An exact, complete copy of the entries is what is needed.
═════ Data shown
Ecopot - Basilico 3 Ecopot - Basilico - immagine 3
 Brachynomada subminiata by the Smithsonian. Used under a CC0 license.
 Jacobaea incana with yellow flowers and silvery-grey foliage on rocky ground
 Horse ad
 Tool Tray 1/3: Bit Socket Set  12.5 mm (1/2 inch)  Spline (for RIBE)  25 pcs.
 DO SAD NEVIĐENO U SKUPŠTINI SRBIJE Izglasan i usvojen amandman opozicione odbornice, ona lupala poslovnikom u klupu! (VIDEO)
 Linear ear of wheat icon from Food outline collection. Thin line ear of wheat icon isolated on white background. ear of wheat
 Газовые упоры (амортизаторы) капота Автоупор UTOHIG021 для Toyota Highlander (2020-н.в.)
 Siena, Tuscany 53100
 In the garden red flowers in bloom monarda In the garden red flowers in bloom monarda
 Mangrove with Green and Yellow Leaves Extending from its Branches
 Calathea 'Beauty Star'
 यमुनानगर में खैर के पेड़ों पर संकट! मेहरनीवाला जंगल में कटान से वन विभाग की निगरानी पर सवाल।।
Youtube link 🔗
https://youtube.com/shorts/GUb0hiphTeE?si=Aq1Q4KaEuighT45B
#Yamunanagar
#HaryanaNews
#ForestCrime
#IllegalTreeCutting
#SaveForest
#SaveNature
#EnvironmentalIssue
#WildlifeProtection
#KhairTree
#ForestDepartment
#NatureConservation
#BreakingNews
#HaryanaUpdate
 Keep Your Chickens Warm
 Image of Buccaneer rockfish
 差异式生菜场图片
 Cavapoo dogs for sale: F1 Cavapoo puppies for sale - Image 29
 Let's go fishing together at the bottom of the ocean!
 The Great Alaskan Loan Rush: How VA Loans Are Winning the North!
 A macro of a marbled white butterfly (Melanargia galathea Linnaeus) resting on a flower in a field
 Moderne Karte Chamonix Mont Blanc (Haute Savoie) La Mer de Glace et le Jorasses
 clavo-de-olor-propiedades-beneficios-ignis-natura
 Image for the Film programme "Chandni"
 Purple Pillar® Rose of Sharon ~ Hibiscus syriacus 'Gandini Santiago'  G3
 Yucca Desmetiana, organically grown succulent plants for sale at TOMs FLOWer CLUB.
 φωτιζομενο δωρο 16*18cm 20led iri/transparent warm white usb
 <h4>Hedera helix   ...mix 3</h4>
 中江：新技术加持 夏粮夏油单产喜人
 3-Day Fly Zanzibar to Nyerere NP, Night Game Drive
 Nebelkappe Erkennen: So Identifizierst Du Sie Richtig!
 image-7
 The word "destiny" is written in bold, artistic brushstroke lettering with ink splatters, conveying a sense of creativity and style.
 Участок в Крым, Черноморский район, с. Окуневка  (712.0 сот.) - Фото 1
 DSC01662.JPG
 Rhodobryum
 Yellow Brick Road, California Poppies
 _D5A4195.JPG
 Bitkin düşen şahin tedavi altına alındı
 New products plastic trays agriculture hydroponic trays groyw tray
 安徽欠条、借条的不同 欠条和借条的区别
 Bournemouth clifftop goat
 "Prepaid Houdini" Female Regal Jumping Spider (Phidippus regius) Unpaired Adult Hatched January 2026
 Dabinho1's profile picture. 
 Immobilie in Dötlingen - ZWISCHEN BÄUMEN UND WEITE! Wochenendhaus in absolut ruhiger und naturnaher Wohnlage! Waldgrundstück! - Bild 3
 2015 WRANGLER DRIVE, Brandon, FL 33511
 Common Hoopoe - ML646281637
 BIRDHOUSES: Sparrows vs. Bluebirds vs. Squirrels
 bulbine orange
══════════
• Task solution:
Ecopot - Basilico 3 Ecopot - Basilico - immagine 3
 Brachynomada subminiata by the Smithsonian. Used under a CC0 license.
 Jacobaea incana with yellow flowers and silvery-grey foliage on rocky ground
 Horse ad
 Tool Tray 1/3: Bit Socket Set  12.5 mm (1/2 inch)  Spline (for RIBE)  25 pcs.
 DO SAD NEVIĐENO U SKUPŠTINI SRBIJE Izglasan i usvojen amandman opozicione odbornice, ona lupala poslovnikom u klupu! (VIDEO)
 Linear ear of wheat icon from Food outline collection. Thin line ear of wheat icon isolated on white background. ear of wheat
 Газовые упоры (амортизаторы) капота Автоупор UTOHIG021 для Toyota Highlander (2020-н.в.)
 Siena, Tuscany 53100
 In the garden red flowers in bloom monarda In the garden red flowers in bloom monarda
 Mangrove with Green and Yellow Leaves Extending from its Branches
 Calathea 'Beauty Star'
 यमुनानगर में खैर के पेड़ों पर संकट! मेहरनीवाला जंगल में कटान से वन विभाग की निगरानी पर सवाल।।
Youtube link 🔗
https://youtube.com/shorts/GUb0hiphTeE?si=Aq1Q4KaEuighT45B
#Yamunanagar
#HaryanaNews
#ForestCrime
#IllegalTreeCutting
#SaveForest
#SaveNature
#EnvironmentalIssue
#WildlifeProtection
#KhairTree
#ForestDepartment
#NatureConservation
#BreakingNews
#HaryanaUpdate
 Keep Your Chickens Warm
 Image of Buccaneer rockfish
 差异式生菜场图片
 Cavapoo dogs for sale: F1 Cavapoo puppies for sale - Image 29
 Let's go fishing together at the bottom of the ocean!
 The Great Alaskan Loan Rush: How VA Loans Are Winning the North!
 A macro of a marbled white butterfly (Melanargia galathea Linnaeus) resting on a flower in a field
 Moderne Karte Chamonix Mont Blanc (Haute Savoie) La Mer de Glace et le Jorasses
 clavo-de-olor-propiedades-beneficios-ignis-natura
 Image for the Film programme "Chandni"
 Purple Pillar® Rose of Sharon ~ Hibiscus syriacus 'Gandini Santiago'  G3
 Yucca Desmetiana, organically grown succulent plants for sale at TOMs FLOWer CLUB.
 φωτιζομενο δωρο 16*18cm 20led iri/transparent warm white usb
 <h4>Hedera helix   ...mix 3</h4>
 中江：新技术加持 夏粮夏油单产喜人
 3-Day Fly Zanzibar to Nyerere NP, Night Game Drive
 Nebelkappe Erkennen: So Identifizierst Du Sie Richtig!
 image-7
 The word "destiny" is written in bold, artistic brushstroke lettering with ink splatters, conveying a sense of creativity and style.
 Участок в Крым, Черноморский район, с. Окуневка  (712.0 сот.) - Фото 1
 DSC01662.JPG
 Rhodobryum
 Yellow Brick Road, California Poppies
 _D5A4195.JPG
 Bitkin düşen şahin tedavi altına alındı
 New products plastic trays agriculture hydroponic trays groyw tray
 安徽欠条、借条的不同 欠条和借条的区别
 Bournemouth clifftop goat
 "Prepaid Houdini" Female Regal Jumping Spider (Phidippus regius) Unpaired Adult Hatched January 2026
 Dabinho1's profile picture. 
 Immobilie in Dötlingen - ZWISCHEN BÄUMEN UND WEITE! Wochenendhaus in absolut ruhiger und naturnaher Wohnlage! Waldgrundstück! - Bild 3
 2015 WRANGLER DRIVE, Brandon, FL 33511
 Common Hoopoe - ML646281637
 BIRDHOUSES: Sparrows vs. Bluebirds vs. Squirrels
 bulbine orange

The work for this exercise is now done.